Summary and Analysis Chapter 11




Chapter 11 jumps back in time to the night Mabel escaped from the Randall plantation. She left Cora behind with an apology to the sleeping girl, carrying a sack of vegetables dug up from her garden.

She remembered how Moses, one of the slave bosses, had been raping her, threatening to rape Cora if Mabel refused him. She wondered how her life would have been different if Grayson, Cora’s father, had lived for more than a few weeks after Cora’s conception. Grayson had optimistically promised that he would buy their freedom—even though Old Randall didn’t allow slaves to buy freedom.

Tired from running, Mabel rested in a swamp. She savored the feeling of being off the plantation, the feeling of freedom. Suddenly she decided that this taste of freedom was enough for now; she needed to return to the plantation to be with Cora. She began journeying back.

She hadn’t gotten far before a cottonmouth snake bit her. As she stumbled onward, she felt the poison killing her. Giving up on making it back to the plantation, she lay down on a patch of moss, said, “Here,” and disappeared into the swamp.


Although Mabel has been absent from the entire novel as a living character, her presence is felt throughout it: Because of Mabel’s legacy, Caesar decides he should invite Cora to run away with him; because of Mabel’s legacy, Cora eventually says yes. Terrance Randall takes Cora’s disappearance more personally because of Mabel, and Ridgeway is far more determined to catch Cora because of Mabel. While Cora is in South Carolina and Indiana, she dedicates herself to trying to find any trace of her mother, and she daydreams about the free life her mother might have finally made for herself in the North.

And yet this legacy that Mabel leaves behind is based on faulty assumptions. Everyone assumes that Mabel escaped successfully and was never caught—which is why she represents such a hopeful figure for Caesar and such a maddening figure for Ridgeway. But in fact, Mabel’s freedom lasted only a few hours. Had the other characters known the truth about Mabel, they would have interpreted her legacy far differently. Caesar wouldn’t have regarded her as a good omen. Ridgeway couldn’t have thought of her as a success story. And Cora herself might not have felt so abandoned, so maddened by her mother’s legacy, if she had known that Mabel was trying to return to her.

Does it matter, then, who the “real” Mabel is? Because of the nature of her death, it’s impossible that anyone other than Mabel herself can know what really happened to her. The legacy she leaves behind is dependent on other people’s perceptions of her, and these perceptions have the power to change people’s actions regardless of whether or not they are based in reality. Thus, the Mabel that is most influential is not the real Mabel but the imagined Mabel.

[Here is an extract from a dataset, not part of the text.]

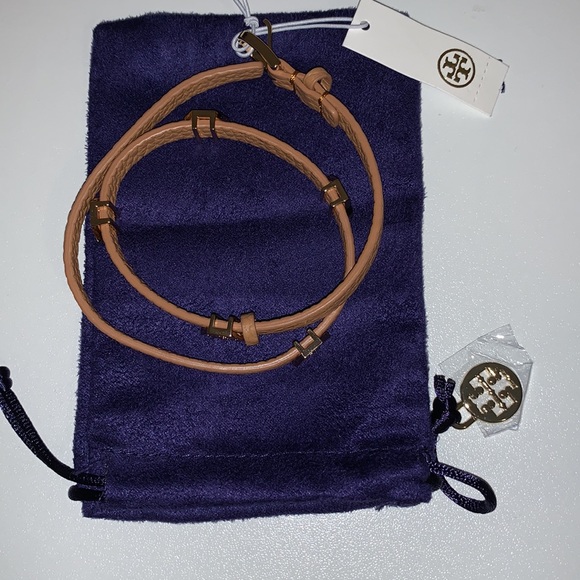 NWT: Leather double wrap bracelet with gold Hardware - Picture 2 of 4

Then again, it might also be too simplistic to say that the “real” Mabel failed in her efforts as a runaway. On the contrary, when she reached her farthest point away from the Randall plantation, she felt a taste of total freedom. Unlike Cora, who always longs to stop running but never seems able to do so, Mabel had the privilege of choosing for herself precisely where to stop running and sink into the swamp. In that sense, she died a free woman.  She would not have chosen this particular freedom for herself, certainly, but as the novel affirms again and again, people caught within an oppressive system have a limited set of choices available to them.

Mabel’s chapter also provides an opportunity to reflect on what it is within an evil system that corrupts people. Mabel’s character study is Moses, a fellow slave who begins raping her and serves as one of the catalysts for her escape. Moses, she remembers, suffered a number of hardships as a slave, but none of these made him “mean.” Instead, it was when he became a boss on the plantation and gained power over other slaves that Moses became a cruel person. Thus, Mabel concludes, people are not inherently evil; when they are caught up in evil systems, they become evil. “Men start off good,” she reflects, “and then the world makes them mean.”